By clicking “Sign up for GitHub”, you agree to our terms of service and privacy statement. We’ll occasionally send you account related emails.

Already on GitHub? Sign in to your account

Change of the sent to the gui score #1868

Closed
amchess opened this issue Dec 13, 2018 · 22 comments
Closed

Change of the sent to the gui score #1868

amchess opened this issue Dec 13, 2018 · 22 comments

Comments

@amchess
Copy link

amchess commented Dec 13, 2018

The Stockfish score is not at all aligned with the gui meaning, like other knowns engines.
Based on my tests, in my opinion, on the uci.cpp file, simply I propose to make this modification (not affecting the playing strenght):
ss << "cp " << v * 100 / PawnValueEg;
to
ss << "cp " << v * 70 / PawnValueEg;

@noobpwnftw
Copy link
Contributor

Centipawn scoring has no meaning nevertheless, just people happen to agree that the measurement is based on a pawn's worth is roughly 100, as you quoted in its original form.

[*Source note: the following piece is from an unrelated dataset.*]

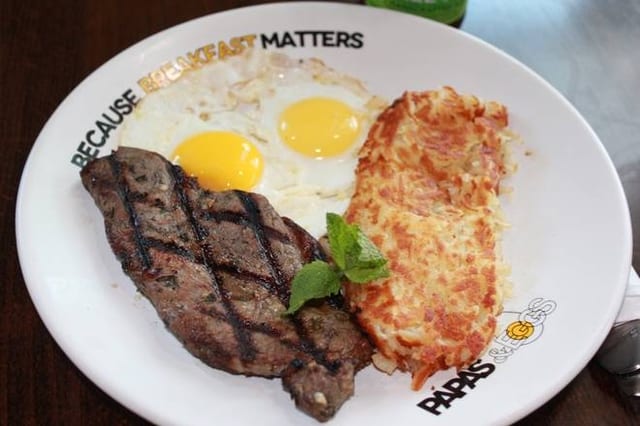 Eggs Benedicts w Steak.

Changing it to any value that you see fit is simple because you can make the change and compile the code, but it also has no meaning to have it applied to everyone else.

@ghost
Copy link

ghost commented Dec 13, 2018

@noobpwnftw the "GUI" may adjudicate "Resign at N centipawns" earlier in the 100 / PawnValueEg vs 70 / PawnValueEg;

@MichaelB7
Copy link
Contributor

I agree with @noobpwnftw , just increase the N value to make it resign later or change the code for your own personal use. There is no right or wrong answer - it is was the user decides.

@amchess
Copy link
Author

amchess commented Dec 14, 2018

In my opinion, the problem isn't the resign you can set via the gui but the coherence with the same gui (in cp) score. We know we can't change it and it's the following:
|score| < 25 =
25 < |score| < 70 light preference
70 < |score| < 140 preference
|score| > 140 decisive advantage

For example, if you launch, in infinite analysis and disactivated contempt, Stockfish, the score visualized by the gui is about 36 and to me it's too optimistic.
Other respectable engines, like komodo, are more precise and show 25.
In terms of Shashin's theory this seems to me more realistic: a Capablanca-Tal/Caos position for the turn advantage.
So, 25 * 100/36 is about 70.
I know it's a very simple modification and for that very humbly I suggested it.
It's sure the actual Stockfish score sent to the and visualized by the gui is misleading.

@ddugovic
Copy link

What is this "the GUI" which has the following properties (that requires changing this engine used on millions of devices)?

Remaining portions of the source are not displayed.